2. Discussion of Related Art
Carbon nanotubes (CNTs) are electrically conductive along their length, chemically stable, and have a very small diameter (much less than 100 nanometers) and large aspect ratios (length/diameter). Due to these and other properties, it has been suggested that CNTs can play an important role in many fields, such as field emission device.

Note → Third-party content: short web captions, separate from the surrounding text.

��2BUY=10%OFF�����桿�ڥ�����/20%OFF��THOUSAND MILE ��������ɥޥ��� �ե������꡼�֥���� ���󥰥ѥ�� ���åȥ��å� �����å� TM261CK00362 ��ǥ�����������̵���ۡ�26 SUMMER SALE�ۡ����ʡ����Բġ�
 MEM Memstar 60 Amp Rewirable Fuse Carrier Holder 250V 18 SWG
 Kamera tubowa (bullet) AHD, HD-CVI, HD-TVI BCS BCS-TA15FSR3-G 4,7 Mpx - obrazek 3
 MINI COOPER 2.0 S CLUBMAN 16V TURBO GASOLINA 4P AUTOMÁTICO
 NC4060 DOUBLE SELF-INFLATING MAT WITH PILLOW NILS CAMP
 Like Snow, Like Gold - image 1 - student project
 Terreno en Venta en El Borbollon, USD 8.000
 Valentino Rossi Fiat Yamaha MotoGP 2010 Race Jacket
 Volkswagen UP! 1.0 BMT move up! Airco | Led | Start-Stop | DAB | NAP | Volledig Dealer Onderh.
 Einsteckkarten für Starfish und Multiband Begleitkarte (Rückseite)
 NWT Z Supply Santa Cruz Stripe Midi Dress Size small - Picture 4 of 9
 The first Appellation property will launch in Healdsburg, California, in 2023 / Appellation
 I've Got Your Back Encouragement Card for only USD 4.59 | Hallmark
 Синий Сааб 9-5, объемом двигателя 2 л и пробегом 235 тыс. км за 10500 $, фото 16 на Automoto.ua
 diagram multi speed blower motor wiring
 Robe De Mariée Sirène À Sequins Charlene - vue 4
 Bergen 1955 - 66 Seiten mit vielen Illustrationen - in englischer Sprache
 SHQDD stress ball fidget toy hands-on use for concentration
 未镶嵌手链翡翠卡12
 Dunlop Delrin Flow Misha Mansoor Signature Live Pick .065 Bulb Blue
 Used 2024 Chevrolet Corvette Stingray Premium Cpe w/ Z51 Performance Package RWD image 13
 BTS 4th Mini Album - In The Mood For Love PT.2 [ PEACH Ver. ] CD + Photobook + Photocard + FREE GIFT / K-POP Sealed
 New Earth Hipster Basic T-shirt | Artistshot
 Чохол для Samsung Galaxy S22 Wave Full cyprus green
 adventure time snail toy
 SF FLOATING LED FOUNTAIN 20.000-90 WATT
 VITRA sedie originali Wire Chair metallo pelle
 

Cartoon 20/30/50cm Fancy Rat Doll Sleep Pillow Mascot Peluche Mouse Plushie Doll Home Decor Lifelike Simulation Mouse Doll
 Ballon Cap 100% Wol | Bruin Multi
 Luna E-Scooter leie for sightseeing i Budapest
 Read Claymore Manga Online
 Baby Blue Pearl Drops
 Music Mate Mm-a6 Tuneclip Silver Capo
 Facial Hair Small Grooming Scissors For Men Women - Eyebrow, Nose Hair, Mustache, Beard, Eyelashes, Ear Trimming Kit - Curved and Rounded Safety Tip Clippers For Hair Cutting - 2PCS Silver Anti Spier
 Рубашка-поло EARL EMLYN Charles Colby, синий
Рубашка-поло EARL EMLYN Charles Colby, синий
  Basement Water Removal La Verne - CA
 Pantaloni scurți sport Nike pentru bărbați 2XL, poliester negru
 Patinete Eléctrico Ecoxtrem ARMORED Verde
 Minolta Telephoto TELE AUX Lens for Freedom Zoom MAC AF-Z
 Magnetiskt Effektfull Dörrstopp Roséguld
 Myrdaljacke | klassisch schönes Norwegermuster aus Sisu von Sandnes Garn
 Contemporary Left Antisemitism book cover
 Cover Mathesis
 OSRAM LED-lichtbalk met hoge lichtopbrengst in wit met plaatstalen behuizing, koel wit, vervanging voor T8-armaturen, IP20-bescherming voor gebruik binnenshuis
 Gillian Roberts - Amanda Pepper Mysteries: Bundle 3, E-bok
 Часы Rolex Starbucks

At present, different methods are widely used for fabricating composite carbon nanotube structure. CNTs can be produced by means of arc discharge between graphite rods. Another method for fabricating composite carbon nanotube structure has been disclosed in U.S. Patent Application No. 20060192475. However, this method is complex because the first carbon nanotubes should be separated from the first substrate by ultrasonic method, immersed into a solution, and then coated on the second substrate. Furthermore, while immersing the first carbon nanotubes into the solution, some catalysts on the surface of the first carbon nanotubes will drop off, such that only a few second carbon nanotubes can be obtained on the surface of the first carbon nanotubes.
What is needed, therefore, is to provide a simple and effective method to fabricate composite carbon nanotube structure.
Many aspects of the embodiments can be better understood with references to the following drawings. The components in the drawings are not necessarily drawn to scale, the emphasis instead being placed upon clearly illustrating the principles of the embodiments. Moreover, in the drawings, like reference numerals designate corresponding parts throughout several views.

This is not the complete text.